July 10th, 2007 No comments

It’s well known that the number one customer acquisition tool for traditional retailers is drive-by, that is, customers find you by driving by your location. But what happens if they’re on the internet and want to find you? One way is to provide a map, with the goal of driving traffic to your retail location. This is very common as well and today I learned the power of the Google Map API. Without some intermediate level of programming expertise, you’ll want to outsource this function. Today I was in a team meeting speaking to such a programmer who opened my eyes to the power of Google Maps. What a great tool for retailers! To make it even easier to “find a location near you” we talked about a way the interface can automatically display the closest locations based on the users originating IP address. Wow! So now when asked “how did you find us?” the answer more and more will be “I was just surfing by!”

Categories: professional, technology Tags:

Finding a niche

June 27th, 2007 1 comment

So what do I know? One option was to blog about my daily personal life (boring!). Another was to simply provide reviews of sites I visit and books I read, mostly about technology and business. Then I thought, well what do I know? I’m lucky enough to have a job where I can thrive doing what I love, using technology to help business owners market their customer experience, products and services. How do I do that? Let’s find out together.
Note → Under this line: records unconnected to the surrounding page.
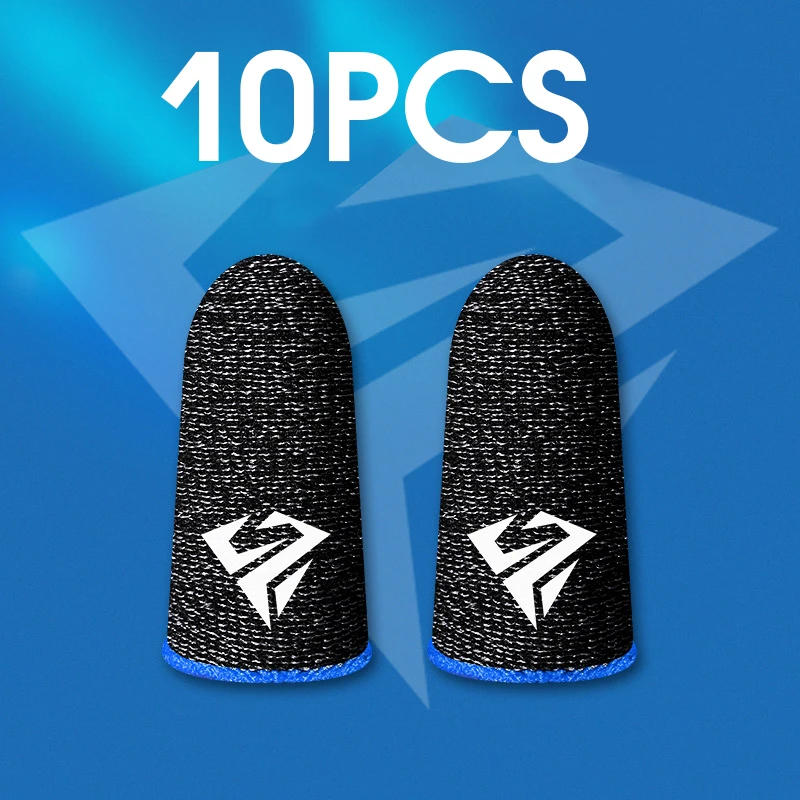 PUBG 게이머를위한 10pcs 모바일 게임 손가락 끝 장갑 Sweatproof Anti-slip 터치 스크린 손가락 슬리브 통기성 게임 손가락 커버 title=PUBG 게이머를위한 10pcs 모바일 게임 손가락 끝 장갑 Sweatproof Anti-slip 터치 스크린 손가락 슬리브 통기성 게임 손가락 커버 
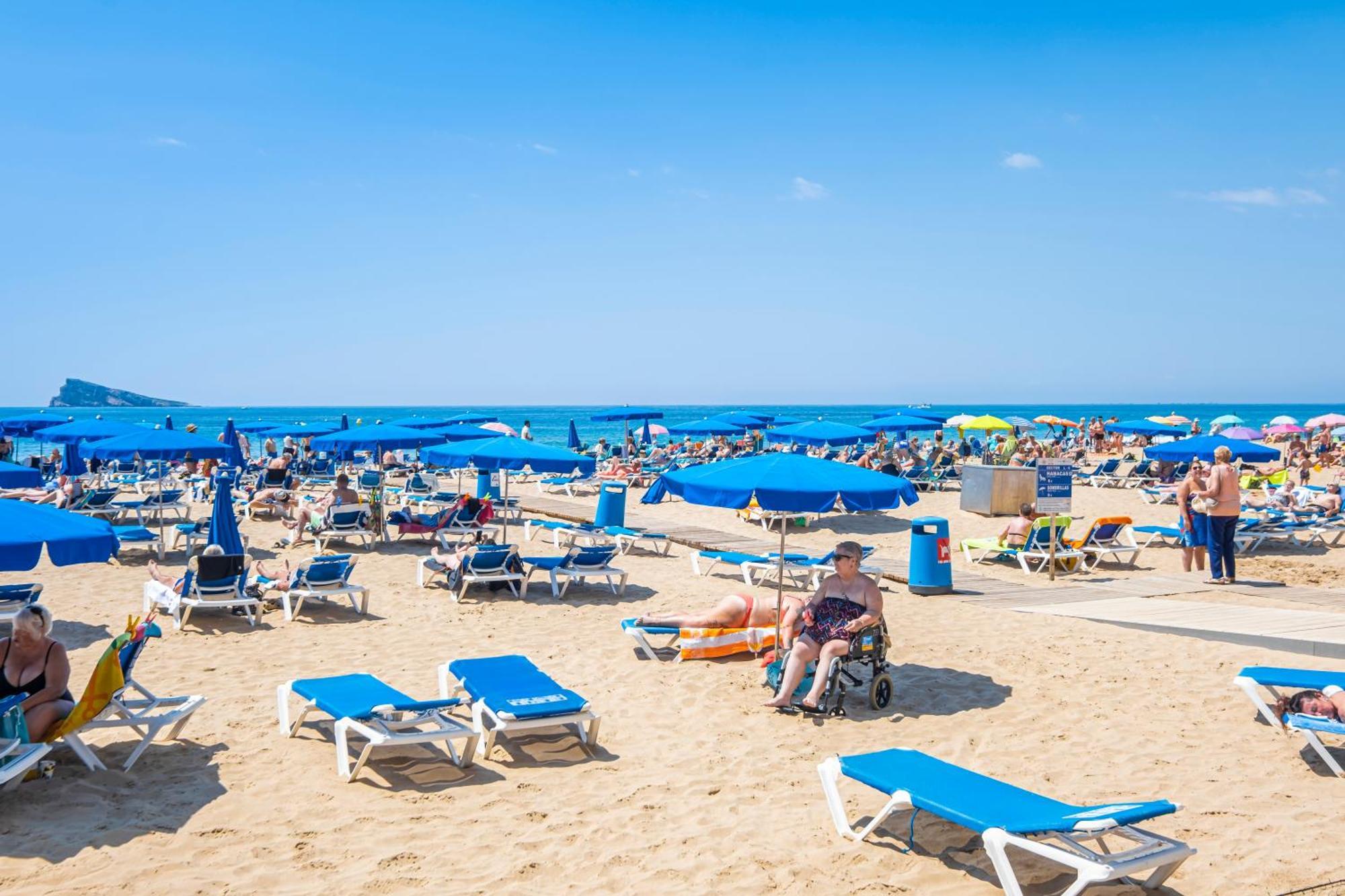 Niza 11-A Apartment Levante Beach Benidorm Kültér fotó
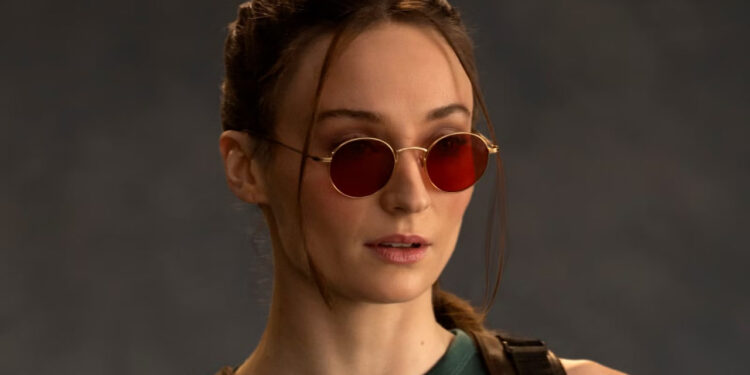SOPHIE TURNER ADELANTA UNA LARA CROFT MÁS REALISTA Y LEJOS DEL ESTEREOTIPO SEXUAL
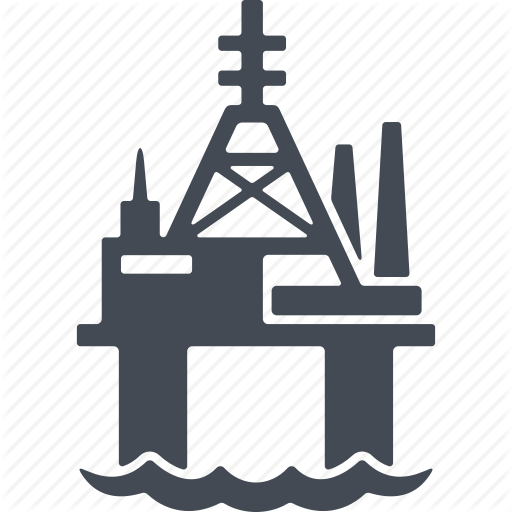 512x512 Drilling, Drilling Rig, Extraction Of Oil, Oil And Gas Icon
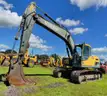 2013 Volvo EC220DL Tracked Excavator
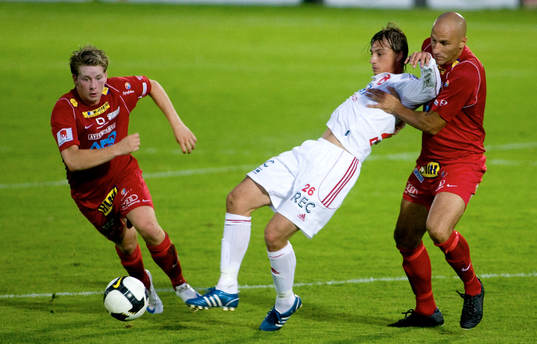  (26), Degerfors och Darko Marasovic, LB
I do a lot of research on current trends that I’ll share and I’ll also relate to you what’s currently working and not working, where I’ve been and where I’m going along the tech trail.

I happen to apply my knowledge professionally at the company headquarters of the retail franchise Wild Birds Unlimited, therefore many posts will pertain to the franchise business, bird feeding and bird watching. You’d be amazed at how technology has transformed our business of supporting our independent business owners, how they can market their business using technology and how their customers use tech in bird feeding and bird watching.

What kind of readers am I looking for? Small business owners looking to improve using technology with a focus on franchise businesses, franchised and independent bird feeding and bird watching specialty store owners, and customers or fans of this business that might take an interest in how technology ultimately affects their shopping experience. Let’s go!